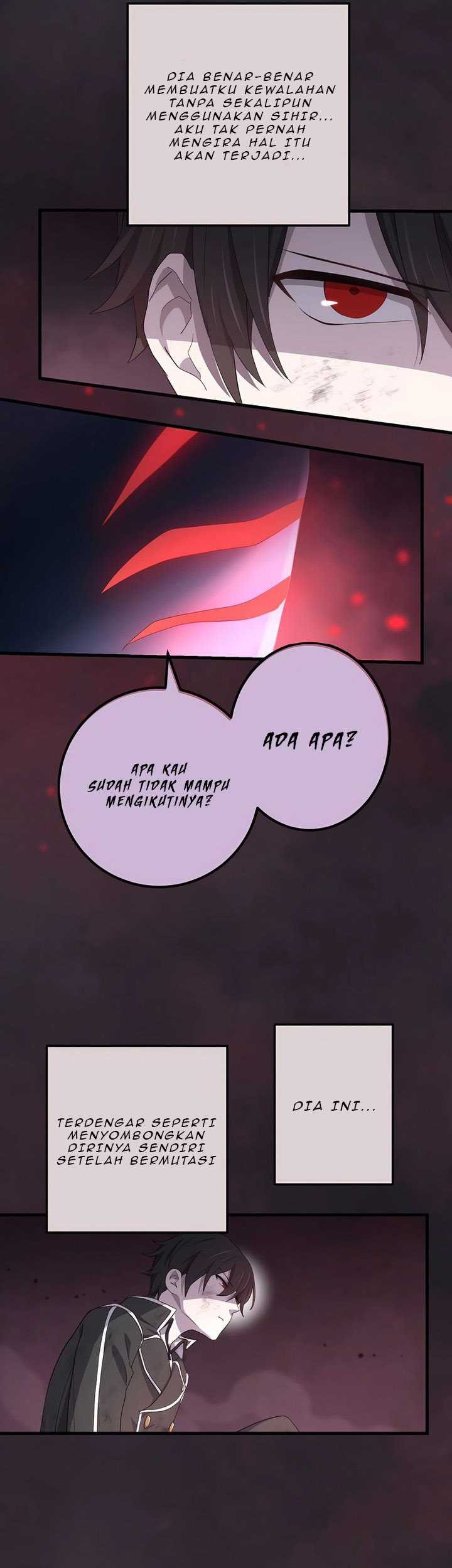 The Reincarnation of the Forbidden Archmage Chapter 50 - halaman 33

* * *

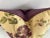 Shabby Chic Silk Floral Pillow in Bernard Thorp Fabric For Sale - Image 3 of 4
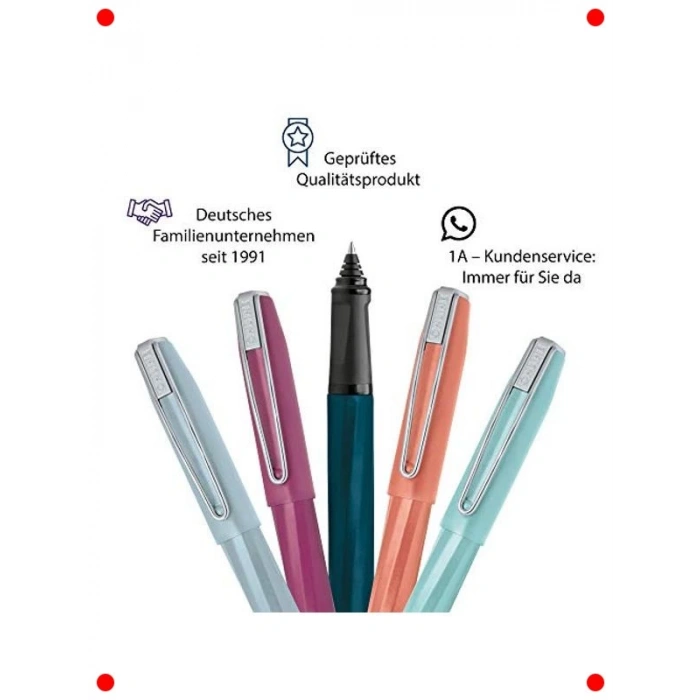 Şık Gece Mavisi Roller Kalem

Your objective - Skipping the pictures, print the lines in the listing above exactly as written, starting at the line with "Shabby Chic Silk" and ending at the line with "Şık Gece Mavisi Roller Kalem", both included.

Exercise result -
 Shabby Chic Silk Floral Pillow in Bernard Thorp Fabric For Sale - Image 3 of 4
 Şık Gece Mavisi Roller Kalem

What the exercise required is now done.